Assuming your source is still mostly based on an earlier version of
mine, have a look at the current hg tree - save/restore is all working
there again as of a week or so ago.
I get what you have done for save/restore in current hg tree. My design
have some differences.
How are you communicating with the backend driver during restore? In my
first version of xenvbd I relied on the fact that some of the init calls
to the scsiport driver were called at PASSIVE_LEVEL and so it was safe
to make calls to the xenbus routine. Once things are up and running
though, all scsiport code runs at DIRQL (hardware IRQ level) and you
can't call any xenbus code from there as it involves
KeWaitForSingleObject etc.
To work around that I make the pci driver put xenvbd into a mode where
it doesn't process anything (set a flag and fire an irq to xenvbd then
wait for an acknowledgement), and the pci driver itself does all the
xenbus setup for xenvbd, and then enables xenvbd again via the same
mechanism. It works well and the scsiport driver can act more like a
physical hardware device driver - it doesn't need to know anything about
xenbus etc.
Windows is a bit of a pain to work with sometimes - it has better
documentation but its limits are absolutely set in stone!

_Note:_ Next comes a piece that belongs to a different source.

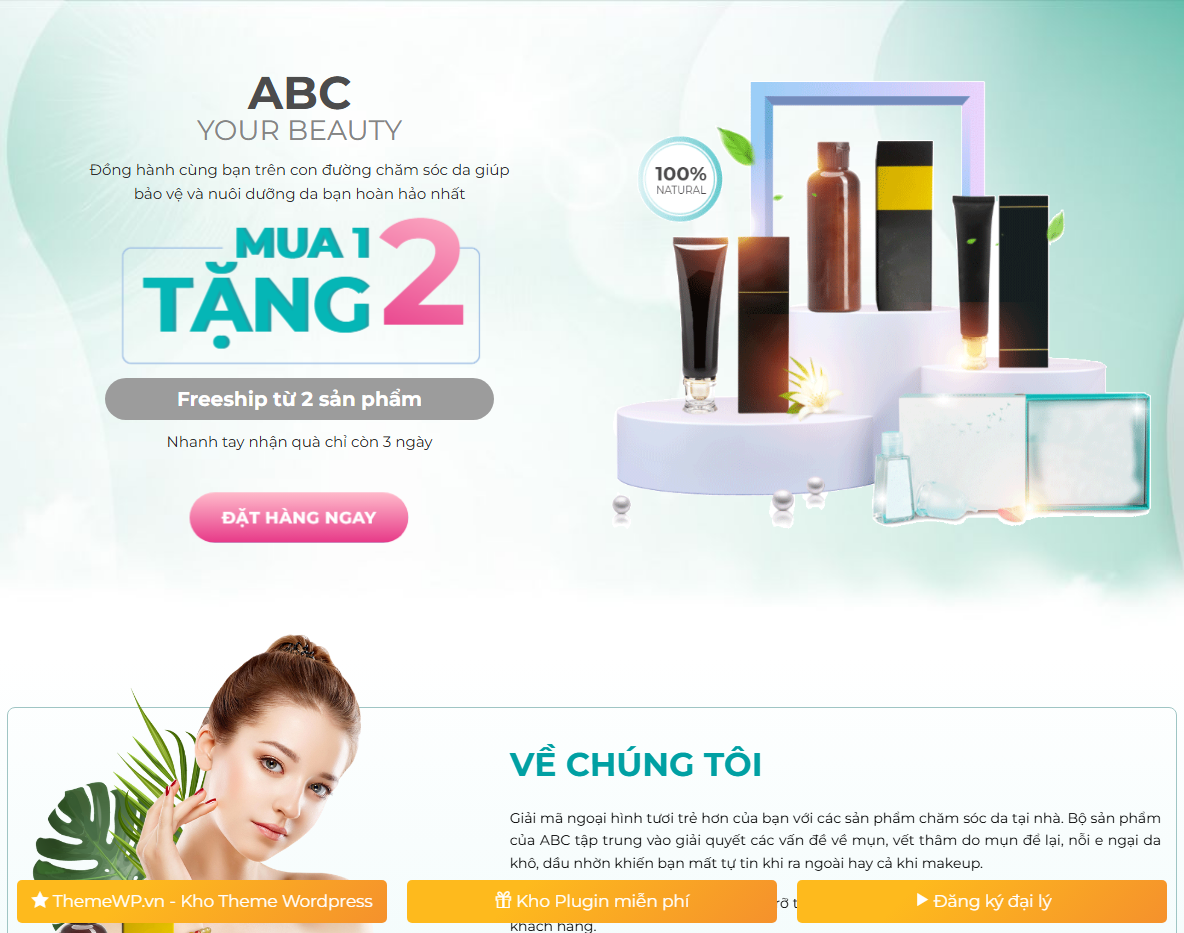 Theme WordPress landing page mỹ phẩm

In my implementation, I share two kernel event between pci and vbd
driver. One is suspend event and the other is resume event.
To suspend:
Pci driver and vbd driver are both register watcher for
'control/shutdown'. When they get 'suspend', pci driver will initialize
suspend event and use this event to wait for all child device change
state to suspend. Meanwhile, when vbd/vif driver get 'suspend', it will
set a flat to fail all scsi command and interrupt. (I know this
approach needs to improve since StartIo/Interrupt routine IRQL are
higher then watcher routine.) After that, vbd driver will set frontend
state to closing->closed->initializing.Then it will set suspend
event to notify pci driver that this child device has prepared to
suspend. Then vbd 'control/shutdown' watcher will wait for resume
event to clean flag to let driver can process interrupt and scsi
command. <---- this area woks fine, blk backend state can change
state properly.
When pci driver realize that all child device suspend, it will terminal
some thread, shutdown xenbus, disable/clean event channel, then call
hypercall to let system suspend. <---this area also works fine.

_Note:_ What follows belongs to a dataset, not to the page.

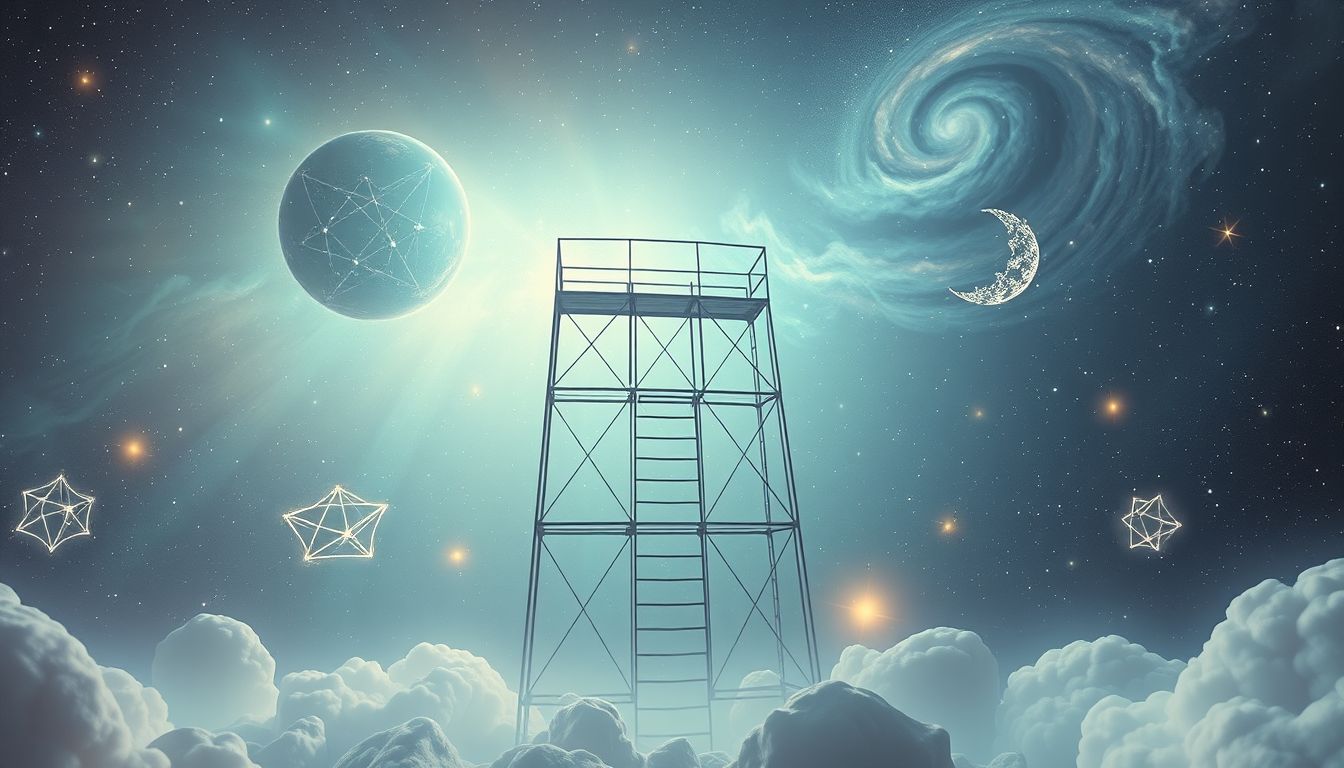 Ein Gerüst als Aussichtspunkt symbolisiert neue Perspektiven im Traum.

System can suspend succeed.
To resume:
When system resume, pci driver will reinitialize xenbus, enable event
channel,.... Then set resume event to notify all child device to change
state to resume. When vbd driver get resume event, it will reinitialize
vbd device. Allocate memory, get event channel, get grant entry,
initialize share ring. Then it will try to set frontend state to
connected to notify backend that frontend are prepared to work. If
succeed, it will clean flag to let vbd driver can deal with interrupt
and scsi command. Now, I get a issue when set frontend state to
connected. Blk backend will change state to closing and then closed
instead of connect.
Another info, after resume, vbd driver can read/write/watch xenstore
key properly. It also can get event channel, get grant entry and
initialize share ring and write proper info to xenstore. The key
problem is that I don't know why blk backend change state to
closing/closed. I check xenstore and find that ring-ref and event
channel in DomU looks like OK. Where can I get some log/info to figure
out why?
And any guys who family with blk backend drivers, please give me some
guide/info about which case will cause blk backend change state to
InitializingWait to closing/closed. Does any info I write to xenstore I
need to check?
Thanks,
Wayne
|